Image-caption web data
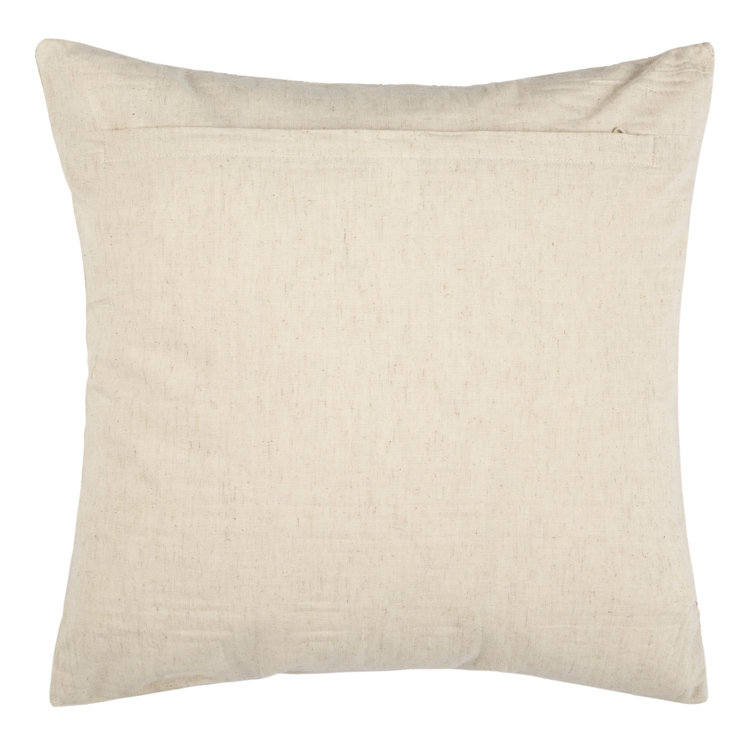 Square Embroidered Natural Hemp Throw Pillows Set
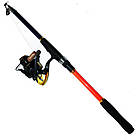 Спінінг у зборі універсальний 2.4 м. + снасті на карася та коропа в коробці, фото 2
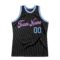 Custom Black Light Blue-Red Authentic Throwback Basketball Jersey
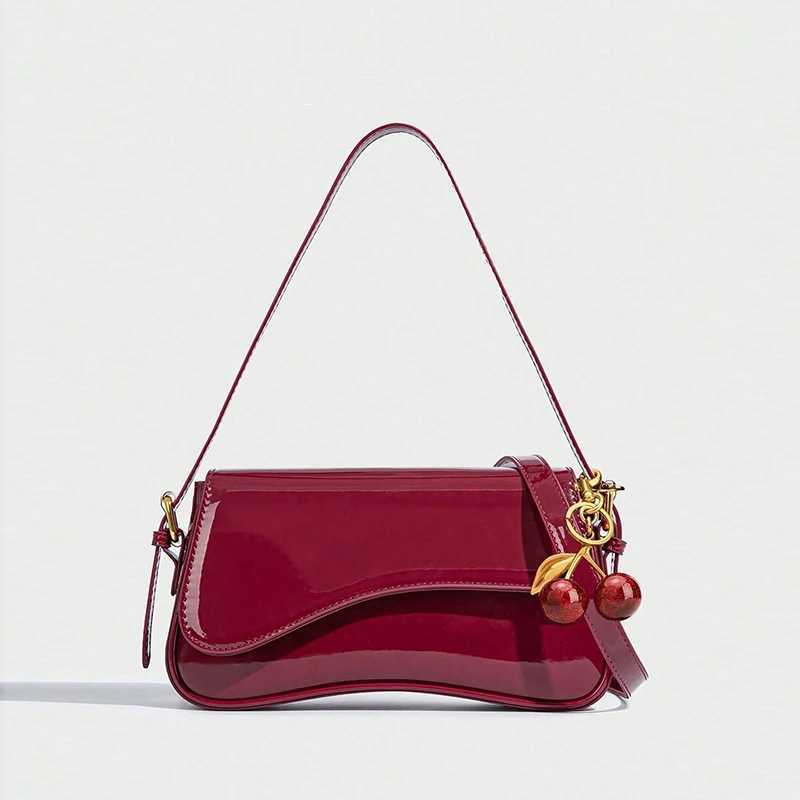 Sac à bandoulière pour femmes de style classique à la mode avec pendentif cerise exquis sac polyvalent pour femmes XJ251031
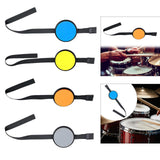 Maxbell Practice Drum Pad Accessories Practice Gaiters for Snare Jazz Drums Beginner blue
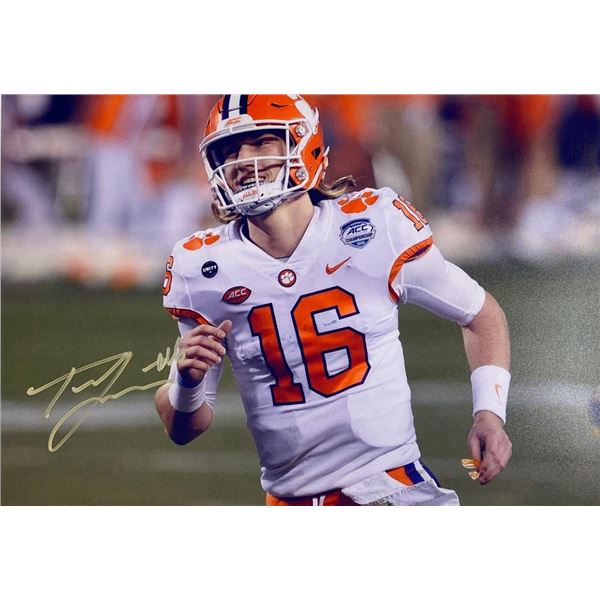 Clemson Tigers Trevor Lawrence facsimile signed photo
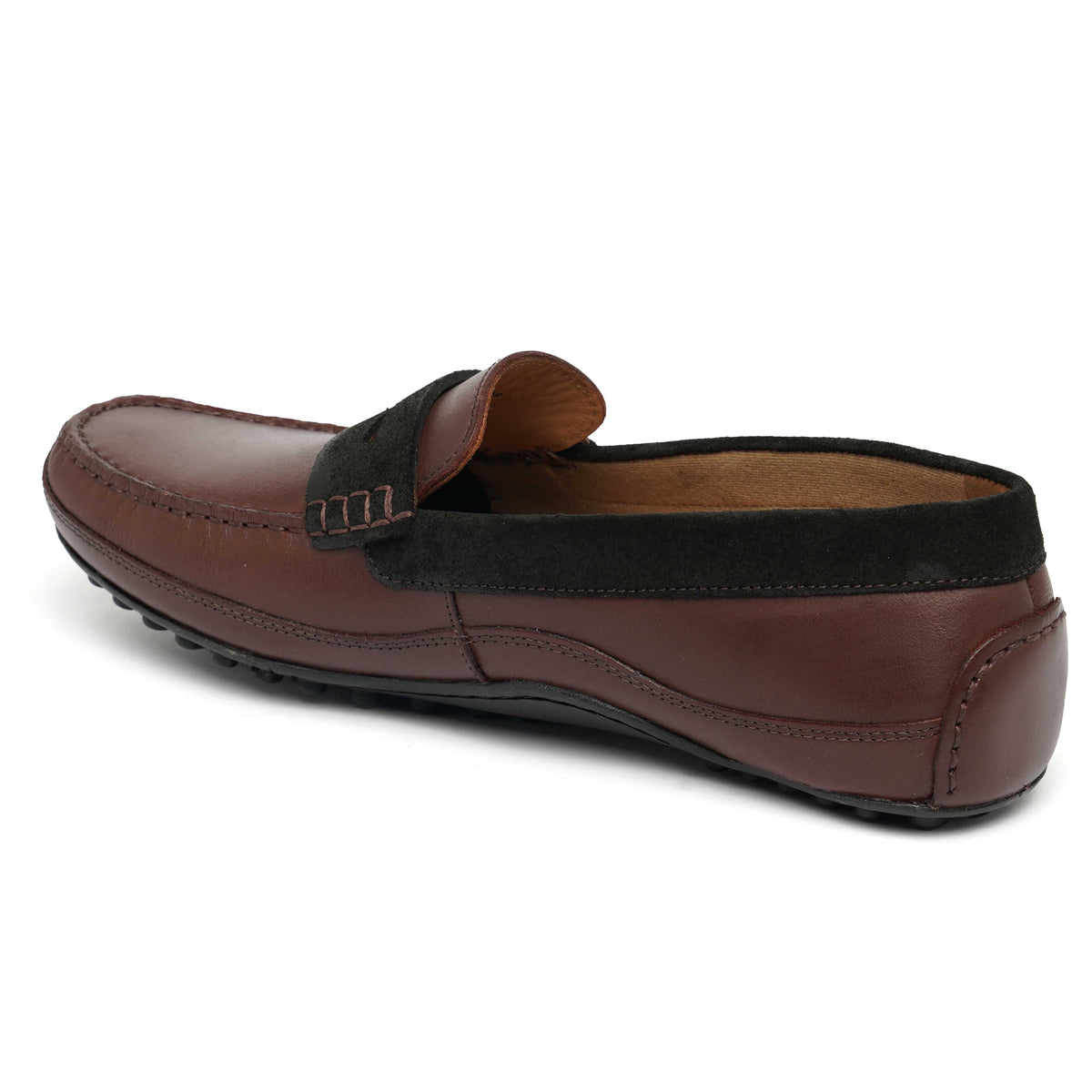 The Oman Ruosh Men Burgundy Casual Penny Loafer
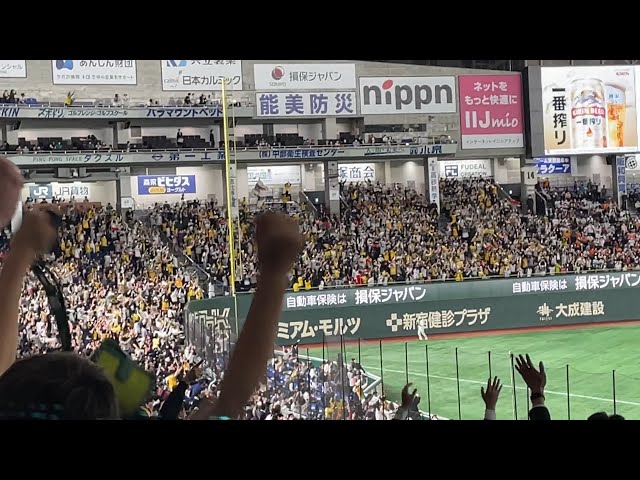 2022/04/01 東京ドーム (巨人－阪神) 9回表 & 試合終了直後の様子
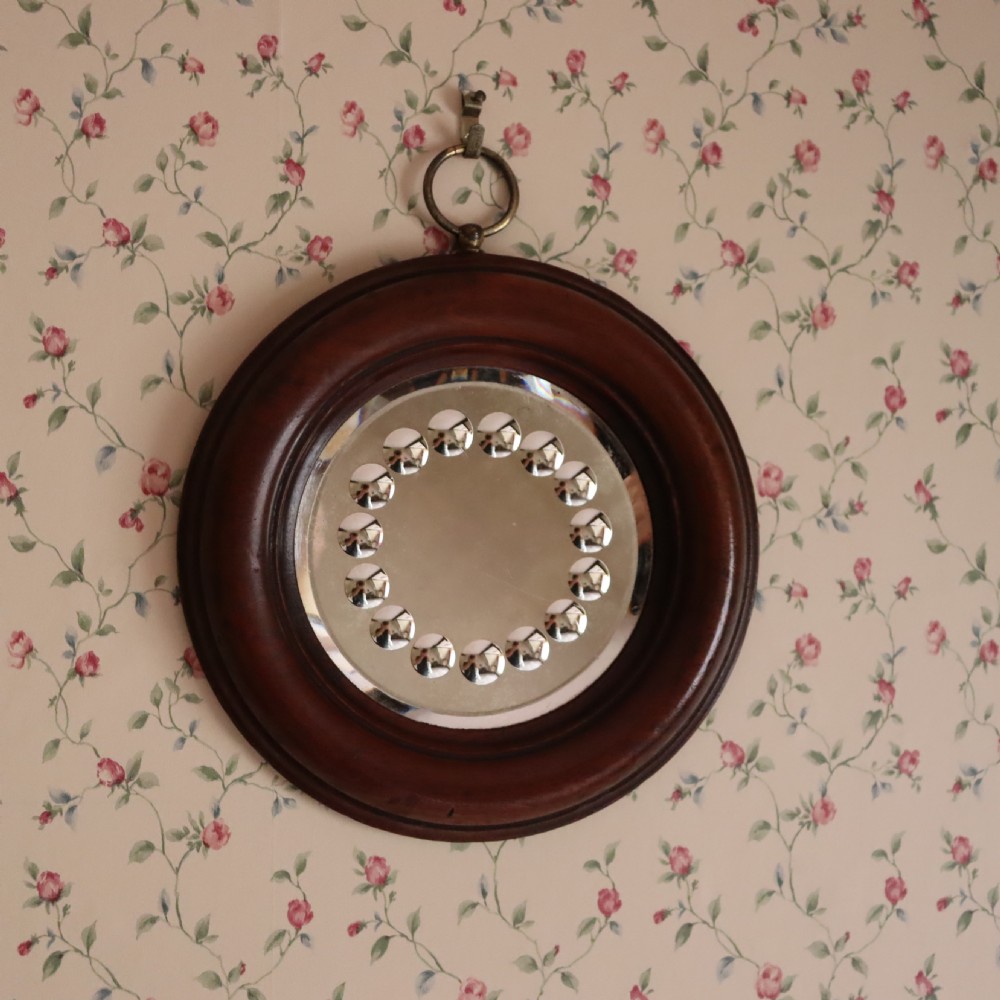 Small Witches or Sorcerers mirror. Circa 1850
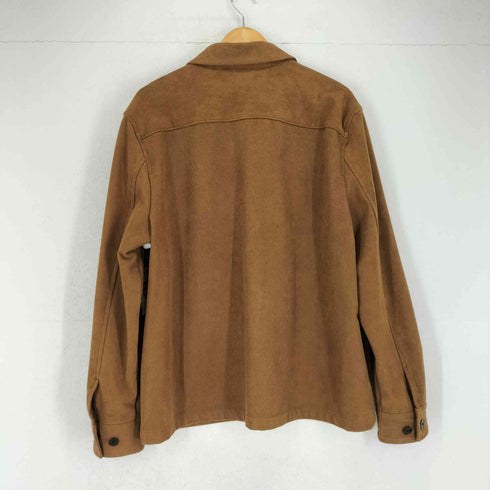 エイチアンドエム H&M フェイクスウェードシャツジャケット メンズ L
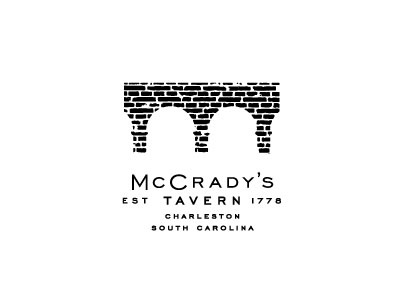 Mccradys Tavern art icons identity illustration logos packaging thick lines typography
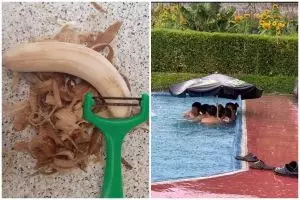 Niat Banget! 11 Potret kocak kelakuan orang kurang kerjaan ini lucu tapi bikin geregetan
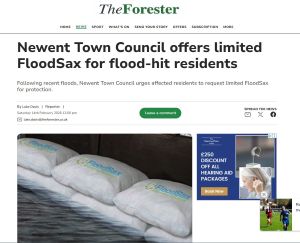 FloodSax featured in The Forester
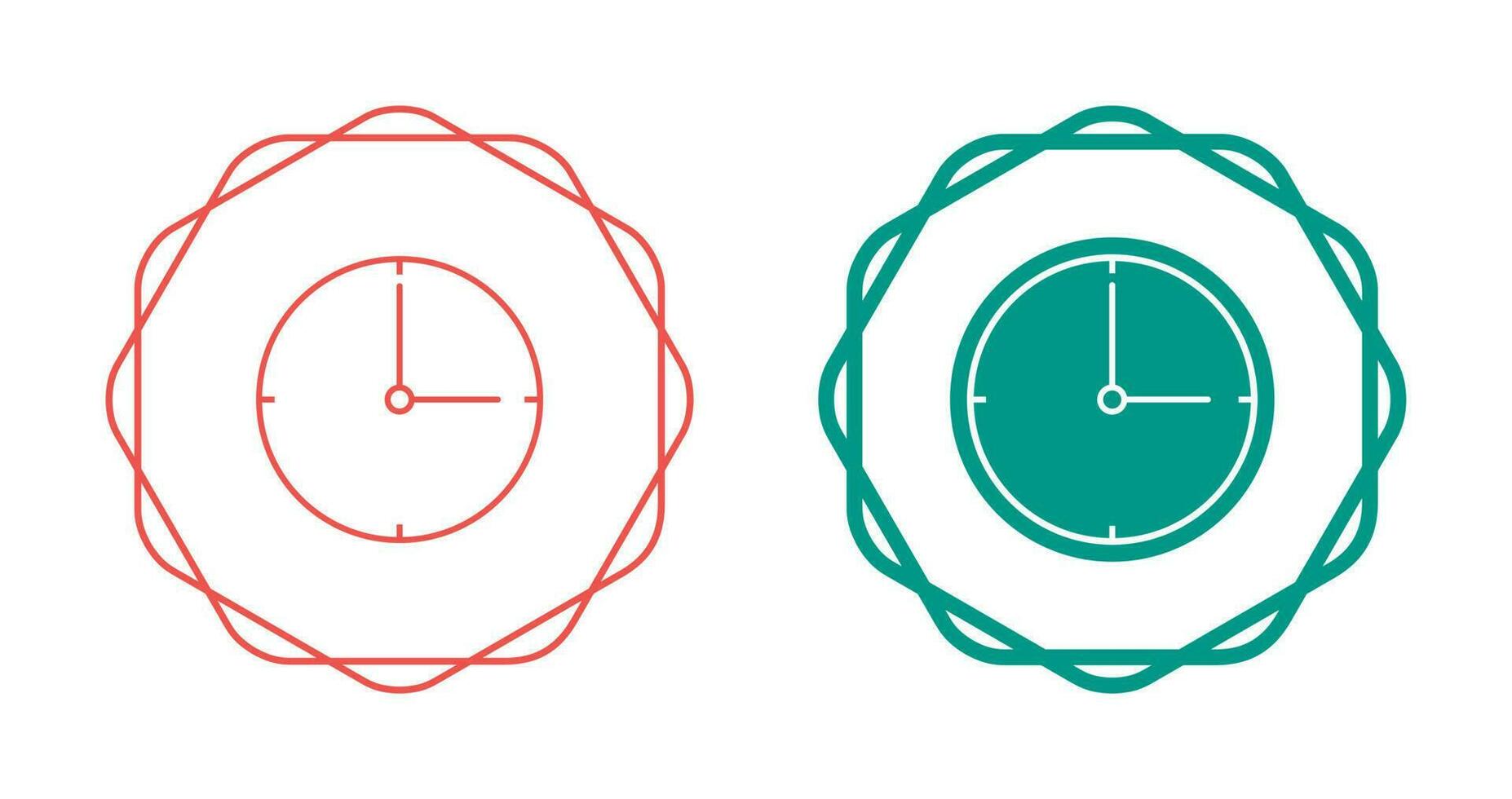 Clock Vector Icon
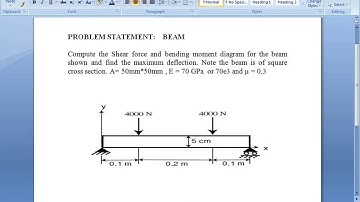 Ansys APDL Beam Problem No.2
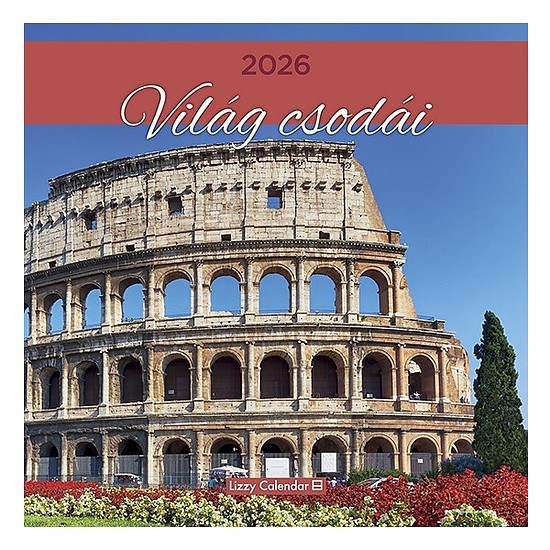 Falinaptár 2026 LIZZY CARD 300x600mm álló A világ csodái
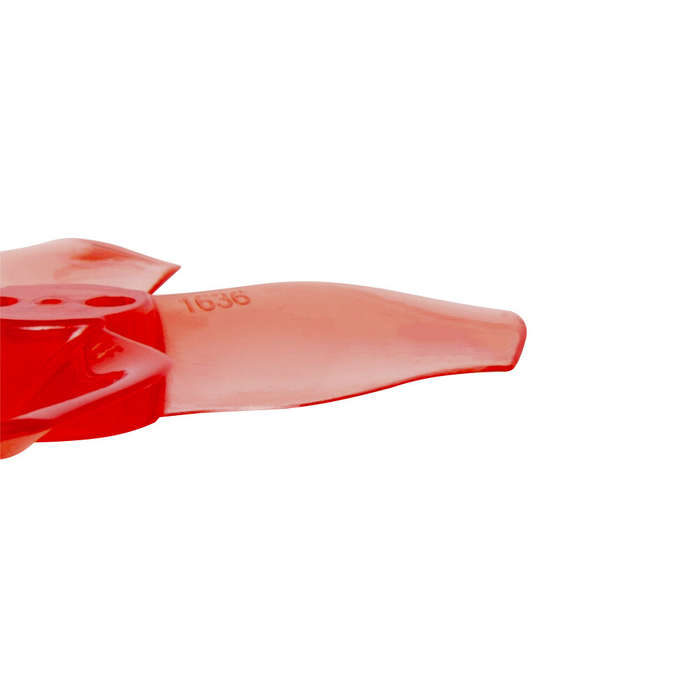 Clear Red - 4 Pairs Gemfan 1636 1.6x3.6x4 40mm 4-blade 1mm Hole Propeller for 1103 1105 RC Drone FPV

[Goal of the exercise] Word for word, restate the lines above from the first through the one that contains "Clemson Tigers Trevor", and exclude all pictures.

[Reply]
 Square Embroidered Natural Hemp Throw Pillows Set
 Спінінг у зборі універсальний 2.4 м. + снасті на карася та коропа в коробці, фото 2
 Custom Black Light Blue-Red Authentic Throwback Basketball Jersey
 Sac à bandoulière pour femmes de style classique à la mode avec pendentif cerise exquis sac polyvalent pour femmes XJ251031
 Maxbell Practice Drum Pad Accessories Practice Gaiters for Snare Jazz Drums Beginner blue
 Clemson Tigers Trevor Lawrence facsimile signed photo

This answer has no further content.